IO Files

Minutes of Thirty-first Meeting of the United States Delegation to the General Assembly, Paris, December 12, 1951


[Here follows list of persons (40) present. Mrs. Roosevelt was in the chair. The agenda item was “Indians in South Africa (SD/A/C.1/360, Delgas 504 and 569, Gadels 352 and 402)”.]

[Page 848]

Mr. Meeker opened a discussion of this case with a brief history of the immigration of peoples of Indian origin to the territory of South Africa. He referred to the coming to power of the Malan government with its stringent racial policies. There were three difficulties which the people of Indian origin faced in the Union. Rigorous laws restricted their right to hold property in many areas. Civil liberties were severely curtailed. Finally, the policies of the Malan government included an extreme form of segregation, called apartheid, as promulgated in the Group Areas Act.

The United Nations history of this case dated back to 1946 when the Indians first brought their complaint to the Assembly. They originally based this complaint on: (a) certain agreements between the South African Government and the British Government of India which allegedly bound the former to grant proper treatment to people of Indian origin residing in South Africa; and (b) provisions in the Charter guaranteeing respect for human rights. This case had been brought up in succeeding years. Beginning in 1949 the Indians dropped the first ground and relied solely on the human rights provisions of the Charter. The Department had made a study of the legal grounds alleged by the Indians in regard to their first claim, and found no justification for holding that the South African Government was bound by previous agreement with the British vis-à-vis the present Indian government.

At the fifth General Assembly a resolution had been adopted calling for the South Africans to confer with the Indians and Pakistani in an attempt to resolve their differences. This resolution recommended that a conference be held on the basis of an agenda to which the parties had previously agreed.

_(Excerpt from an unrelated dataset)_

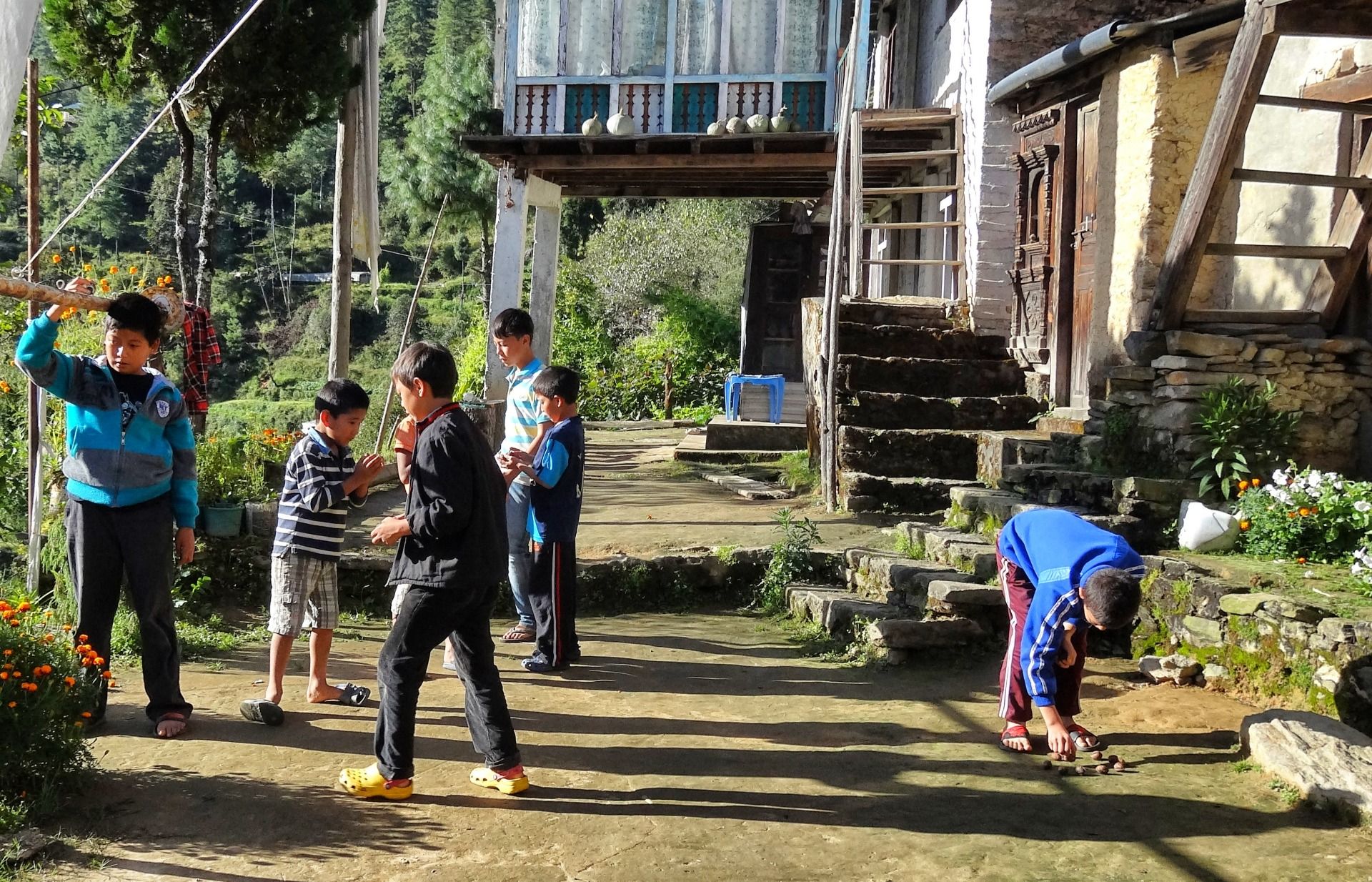 The kids here are playing the same games as everywhere.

The previous year the Indians and Pakistani had asked that the South African Government suspend the implementation of the Group Areas Act pending the outcome of negotiations. This the South Africans had refused to do, although an agenda had been agreed upon. The fifth General Assembly wanted the parties to go ahead from there. A Commission was to be appointed consisting of one representative for both India and Pakistan and one for the South Africans, and a third to be chosen by the first two, or in default of agreement, by the United Nations Secretary General. South Africa refused to negotiate on the basis of the General Assembly action, maintaining that to do so would be accepting interference by the United Nations with its domestic affairs, in violation of Article 2(7) of the Charter. They agreed to negotiate, but outside the framework of the United Nations. They had indicated that appointment of a United Nations commission under the resolution was not acceptable to the Union.

Mr. Meeker turned to the position paper which was before the Delegation in document SD/A/C.1/360. There it was suggested that the United States not take the initiative in proposing a resolution, but [Page 849] support one which would note the previous efforts of the United Nations to obtain observance of human rights generally and in particular with regard to this problem, which would note the previous failure of the parties to enter into negotiations, and would call upon them to re-open discussions. The Department did not want the action this year to provide for automatic inclusion of the item on the agenda of the seventh General Assembly. At the same time the United States should seek to have the members of the British Commonwealth take the appropriate initiative in this case.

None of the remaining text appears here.